UN distributes Ramadan meals to 55,000 Libyan refugees in Tunisia
|Publisher||UN News Service|
|Publication Date||3 August 2011|
|Cite as||UN News Service, UN distributes Ramadan meals to 55,000 Libyan refugees in Tunisia, 3 August 2011, available at: http://www.refworld.org/docid/4e3f8e242.html [accessed 19 April 2014]|
|Disclaimer||This is not a UNHCR publication. UNHCR is not responsible for, nor does it necessarily endorse, its content. Any views expressed are solely those of the author or publisher and do not necessarily reflect those of UNHCR, the United Nations or its Member States.|
The logistics of the operation have gone very smoothly thanks to cooperation between all those involved, including the Government, Nasir Abel Fernandes, the UN High Commissioner for Refugees (UNHCR) senior emergency coordinator in southern Tunisia, said today.

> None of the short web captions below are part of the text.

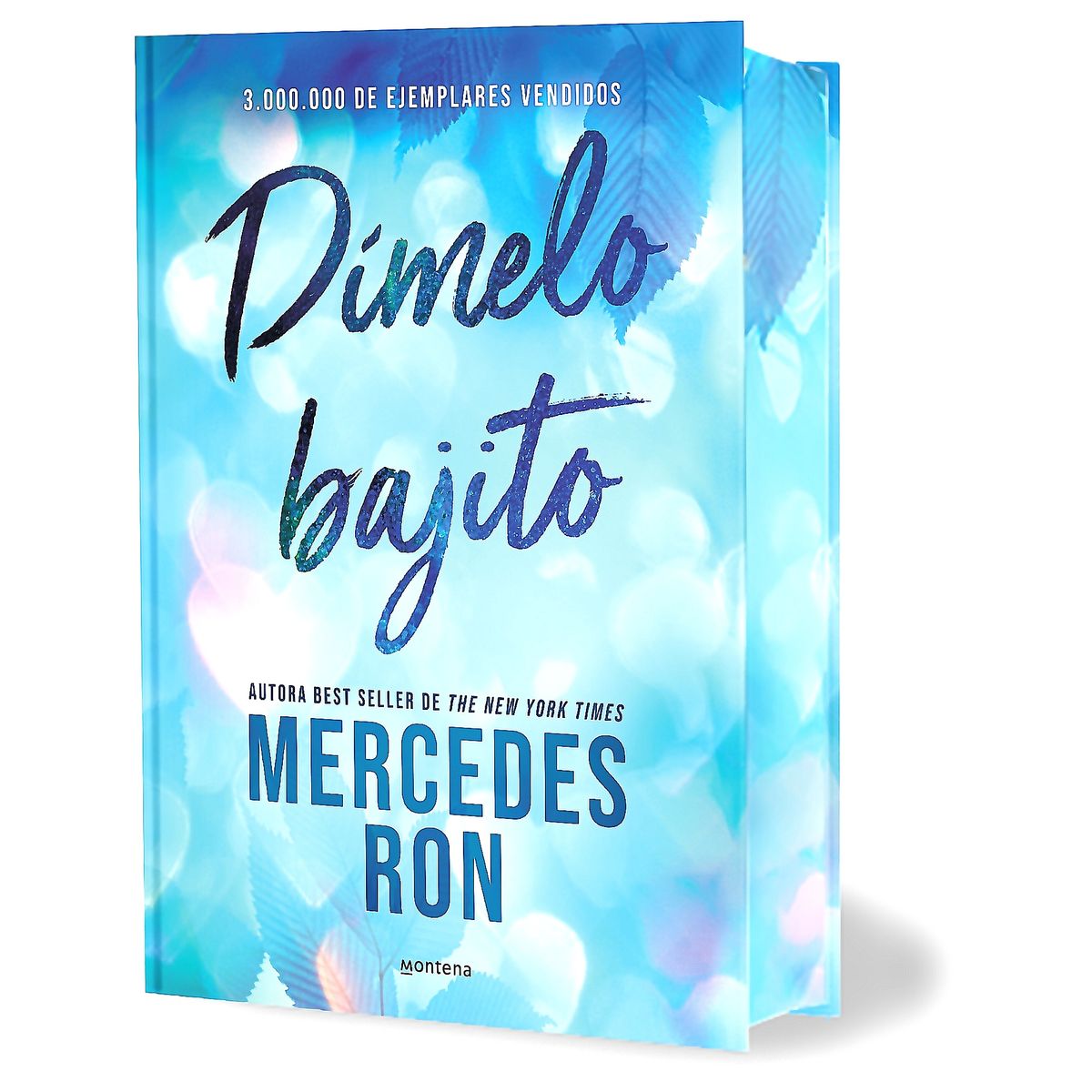 MONTENA - Libro Dímelo bajito (edición especial) - Mercedes Ron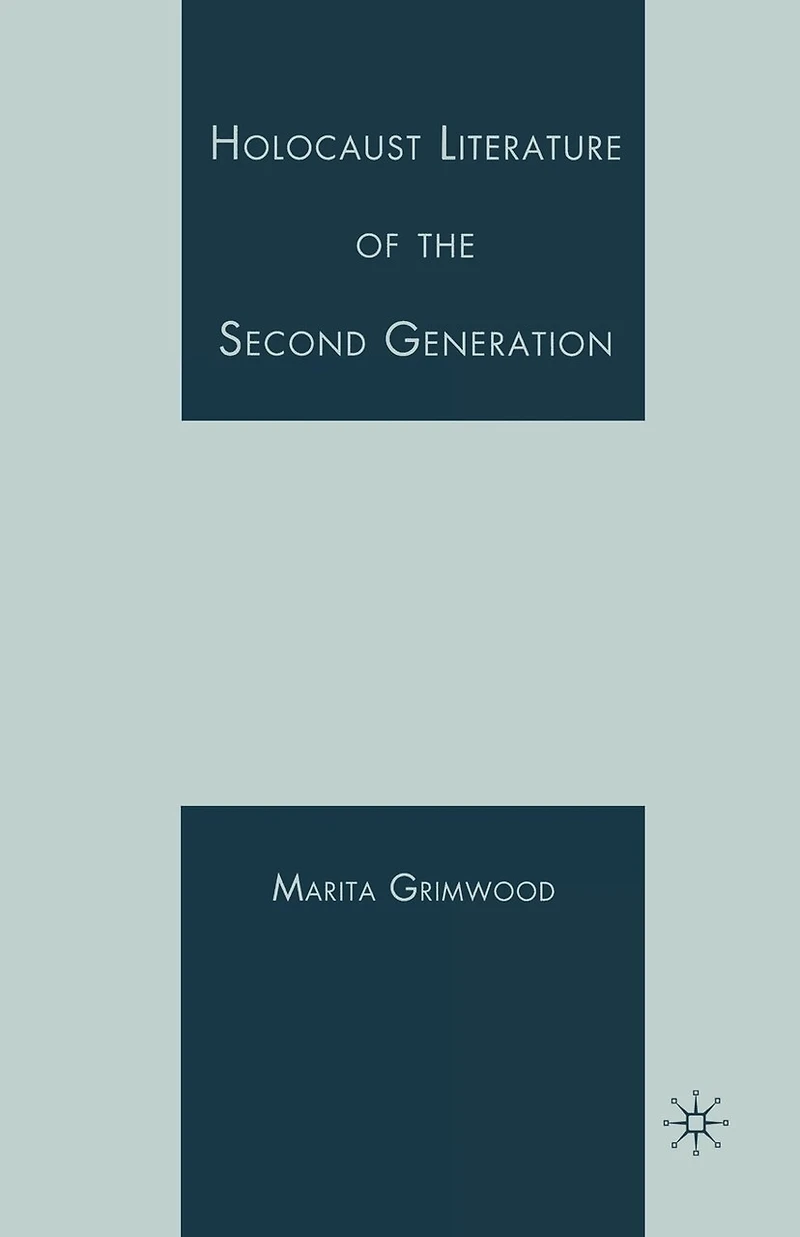 Holocaust Literature of the Second Generation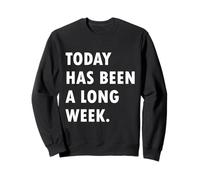 Today Has Been A Long Week Sweatshirt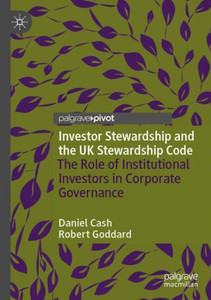 Investor Stewardship And The Uk Stewardship Code: The Role Of Institutional Investors In Corporate Governance Investor Stewardship And The Uk Stewardship Code: The Role Of Institutional Investors In Corporate Governance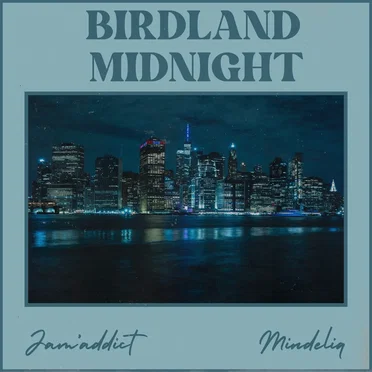 Birdland Midnight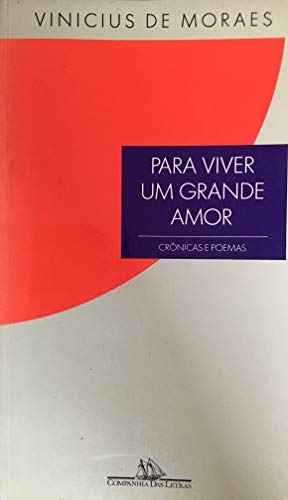 Cover of Para Viver um Grande Amor: Crônicas e Poemas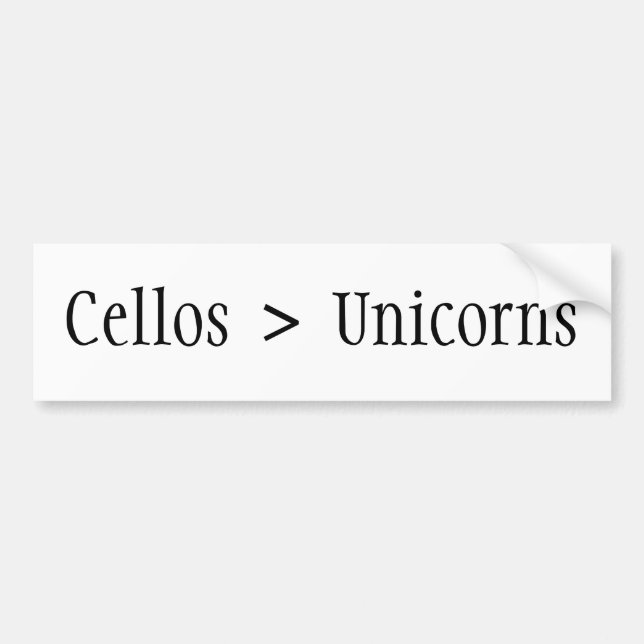 Cellos are greater than Unicorns (!) Bumper Sticker (Front)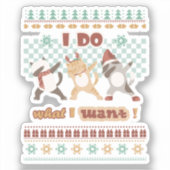 おもしろいDabbing Cat - I Do I What I Want シール (正面)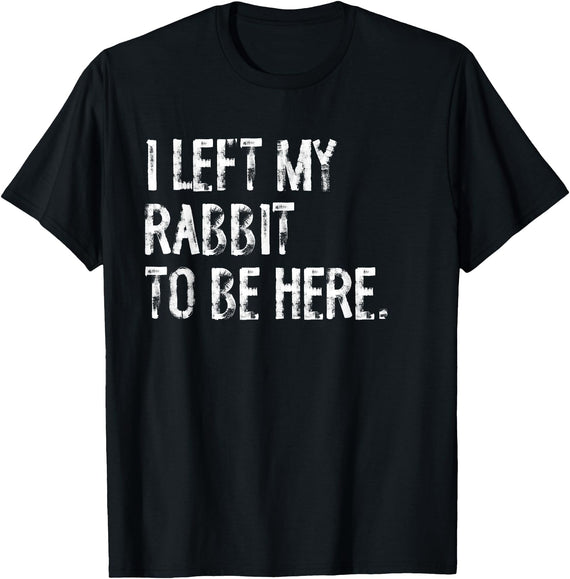 I Left My Rabbit to Be T-Shirt in Black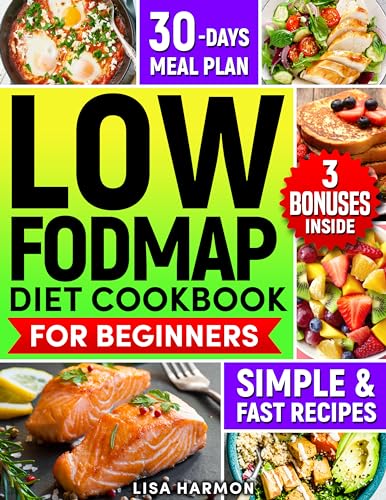 LOW FODMAP DIET COOKBOOK FOR BEGINNERS: The can do Guide to digestive ...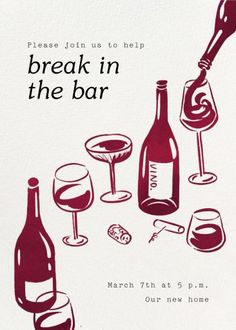 a poster with wine glasses and bottles on the side that says break in the bar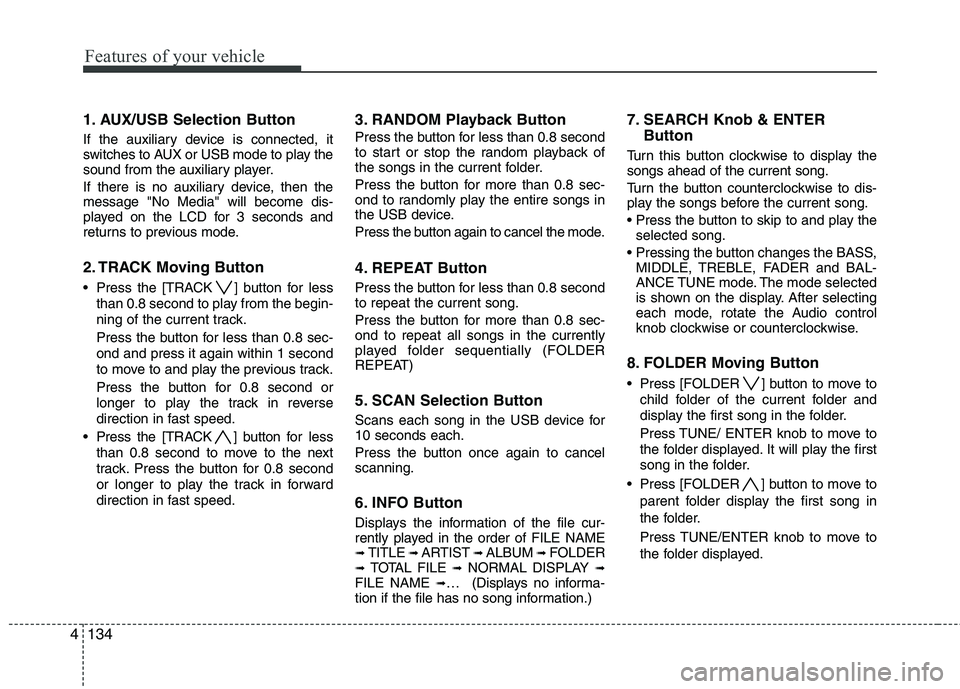 KIA SORENTO 2010 Owners Manual Features of your vehicle
134
4
1. AUX/USB Selection Button
If the auxiliary device is connected, it
switches to AUX or USB mode to play the
sound from the auxiliary player.
If there is no auxiliary KIA SORENTO 2010 Owners Manual Features of your vehicle
134
4
1. AUX/USB Selection Button
If the auxiliary device is connected, it
switches to AUX or USB mode to play the
sound from the auxiliary player.
If there is no auxiliary
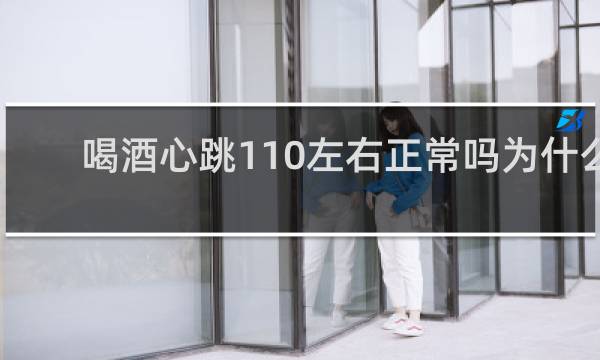 喝酒心跳110左右正常吗为什么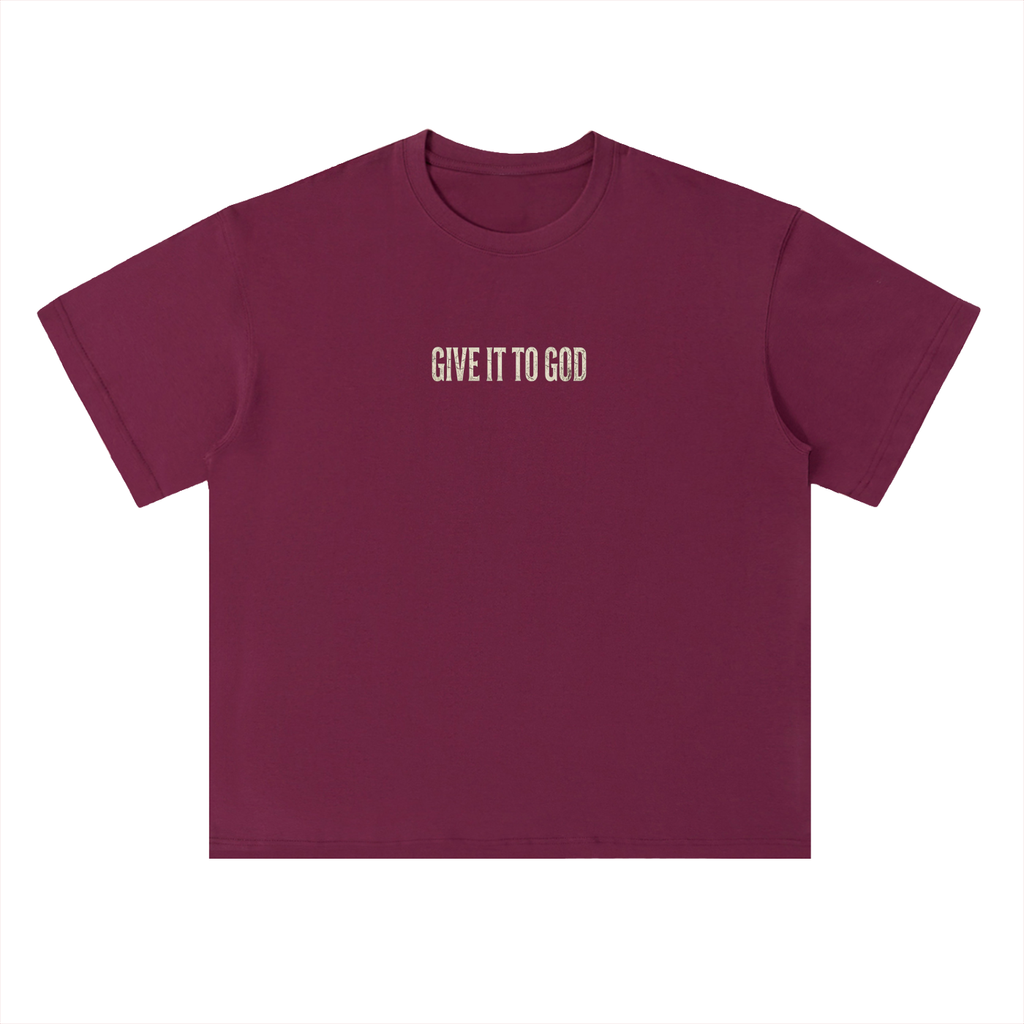 Give it to God  | Bold Statement T-Shirt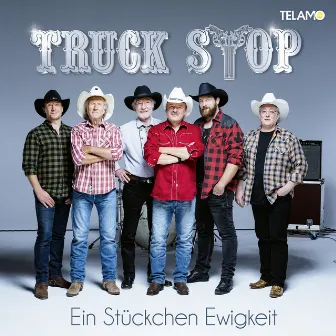 Ein Stückchen Ewigkeit by Truck Stop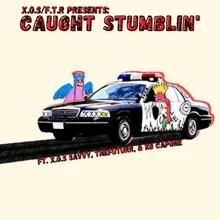 Caught Stumblin'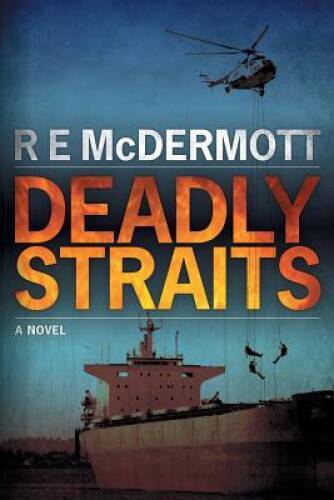 Deadly Straits — Paperback By McDermott, R E — GOOD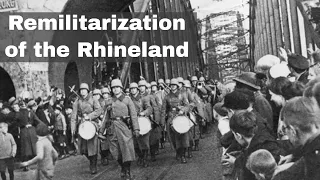 7th March 1936: The remilitarisation of the Rhineland by the German Army under Adolf Hitler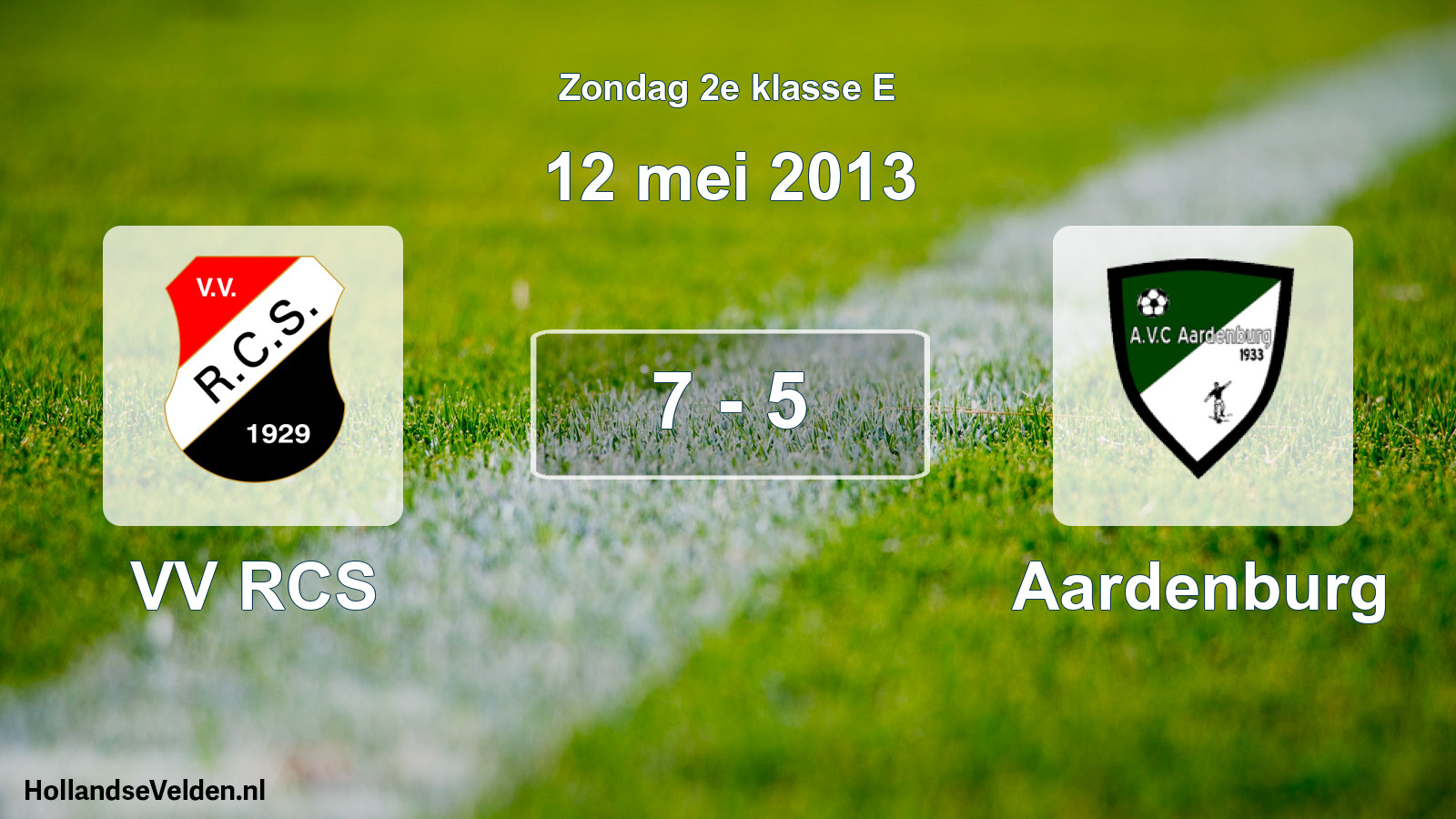 Total number of matches played: VV RCS - Aardenburg 7 - 5 (12 May 2013)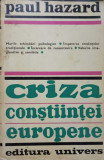 CRIZA CONSTIINTEI EUROPENE 1680-1715-PAUL HAZARD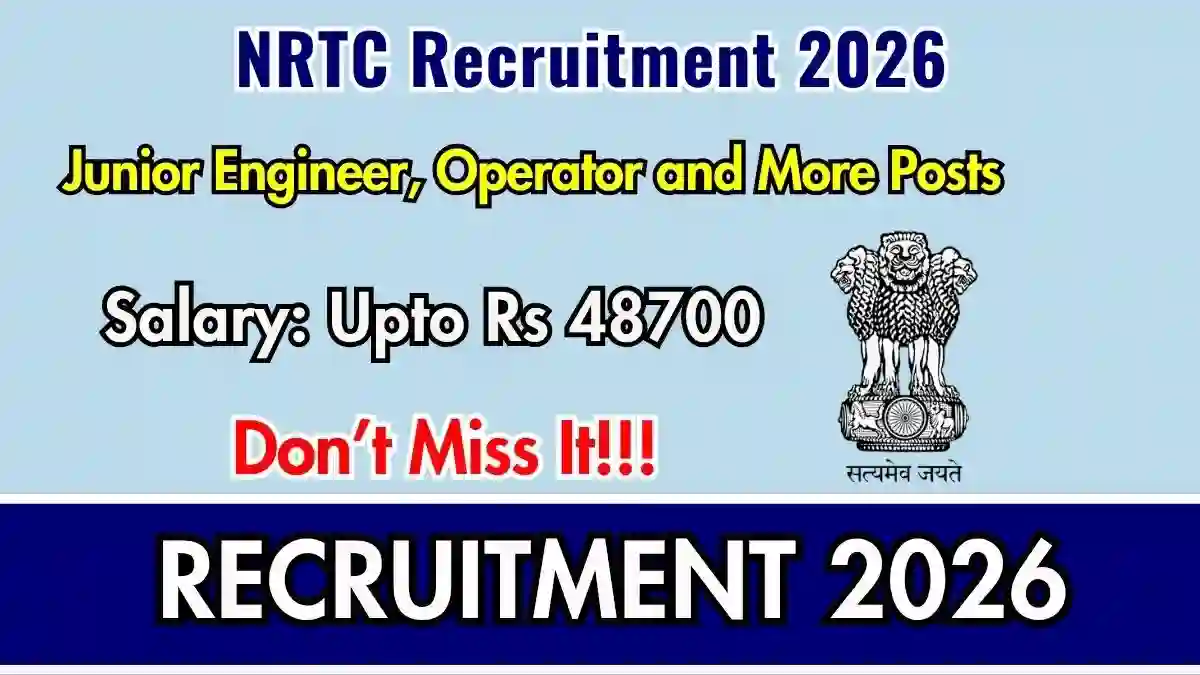 NRTC Recruitment 2026 - Walkin for 11 Junior Engineer, Operator and More Posts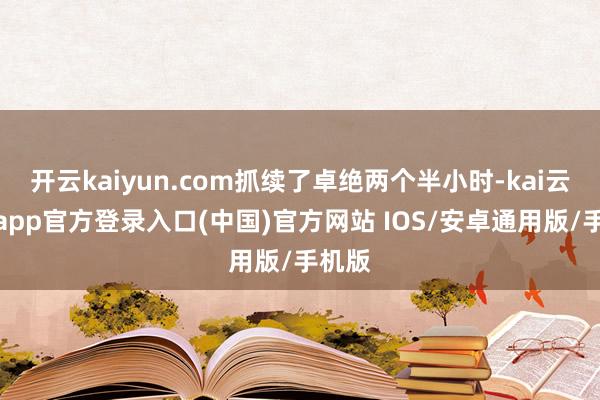 开云kaiyun.com抓续了卓绝两个半小时-kai云体育app官方登录入口(中国)官方网站 IOS/安卓通用版/手机版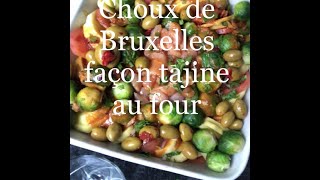 Le choux de Bruxelles  Recette sans surveillance Façon Tajine au FOURLe goût et les bienfaits [upl. by Lleroj749]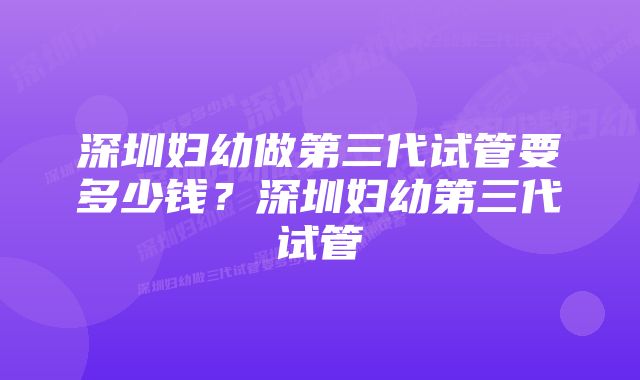 深圳妇幼做第三代试管要多少钱？深圳妇幼第三代试管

Some 400 staff from UNHCR and other local and international organizations, including the World Food Programme (WFP), have helped pack, transport and distribute the food at more than 34 distribution points across southern Tunisia.
Well over half a million people, including migrant workers, refugees and asylum-seekers, have fled to Tunisia since fighting erupted in February between a pro-democracy movement and the four-decades-old regime of Muammar al-Qadhafi.
Most of the Libyans have few resources and are happy to receive the food. "This donation will be a great help in cutting down family expenses during Ramadan," said 72-year-old Ali as he queued for his food package in UNHCR's Al Khayr distribution centre in the town of Tataouine.
Ali, who fled to Tunisia in April with a large group of relatives, said Ramadan was very important to him and his family. "Ramadan is an occasion for family reunions," he said, adding sadly: "Although the Tunisians are being very generous, we are finding it difficult to feel at home because our community network has been disrupted."
Fifteen items, including rice, pasta, couscous, oil, tomato paste, tuna, sugar and dates, are being handed out in five southern Tunisian provinces, where tens of thousands of Libyans are staying in camps or living with host families. The food will be eaten during iftar, the evening meal. During Ramadan, which started on Monday, Muslims are forbidden to eat or drink during daylight hours.
Other organizations taking part in the operation are the Tunisian Red Crescent, the United Arab Emirates Red Crescent, Islamic Relief, Al Tawoon, Secours Islamique France, Secours Populaire Français, Wafa Relief and the Libyan Relief Committee.